We’re not, we’re not trying to push financial reform because we begrudge success that’s fairly earned. I mean, I do think at a certain point you’ve made enough money. But, you know, part of the American way is, you know, you can just keep on making it if you’re providing a good product or providing good service. We don’t want people to stop, ah, fulfilling the core responsibilities of the financial system to help grow our economy.
Since when does the president or government decide when people have made “enough money?” Entrepreneurs aren’t taking risks to “grow our economy.” They are taking risks to make money for themselves and for those who work for them.
So it’s a little surprising to read that Mr. Obama seems to be taking free market principles and the capitalist system to heart.

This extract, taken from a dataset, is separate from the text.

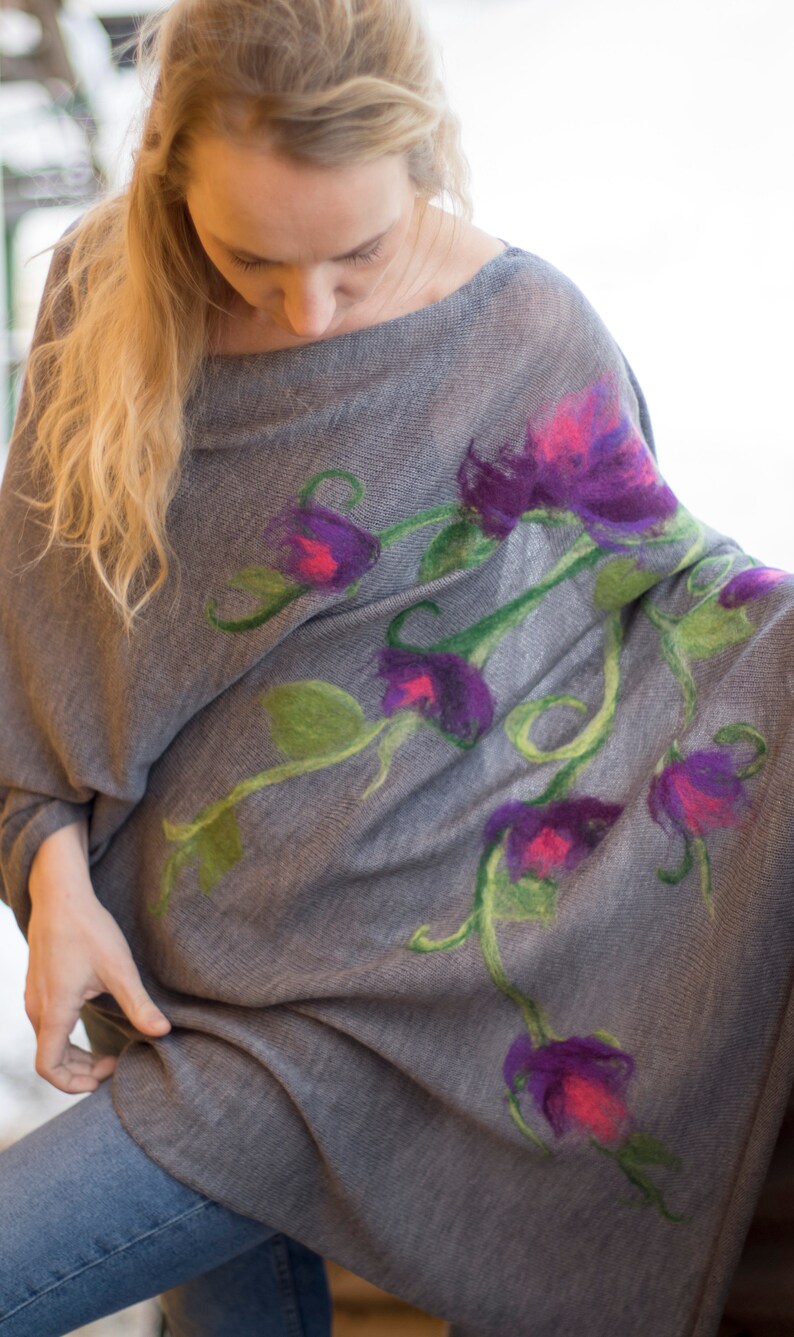May include: A gray knitted poncho with a floral design featuring purple, pink, and green flowers. The poncho is made of a soft, lightweight fabric and has a relaxed fit.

A bidding war for the former president’s new book reportedly has gone over the $60 million mark. Over on Wall Street, the banking firm of Cantor Fitzgerald will pay Mr. Obama $400,000 for giving one speech.
As Ruth Marcus points out in the Washington Post, books, a consumer product, are easily available for purchase. But a speech is a different matter.
(The Speech) this particular one for a health-care conference put on by investment banking firm Cantor Fitzgerald — is only available to a privileged few, paid for by an even more privileged few. To this crowd, $400,000 is a paltry bonus in a bad year for a middling analyst.
The Wall Street angle feels like unfortunate icing on an already distasteful cake.
And though Bernie Sanders calls Obama’s speaking fee “unfortunate,” there is heartening news, writes Ms. Marcus. Rather than being paid by, say, a public university with taxpayer dollars, at least Obama’s speech is being paid by “a bunch of fat cats” who can easily afford it.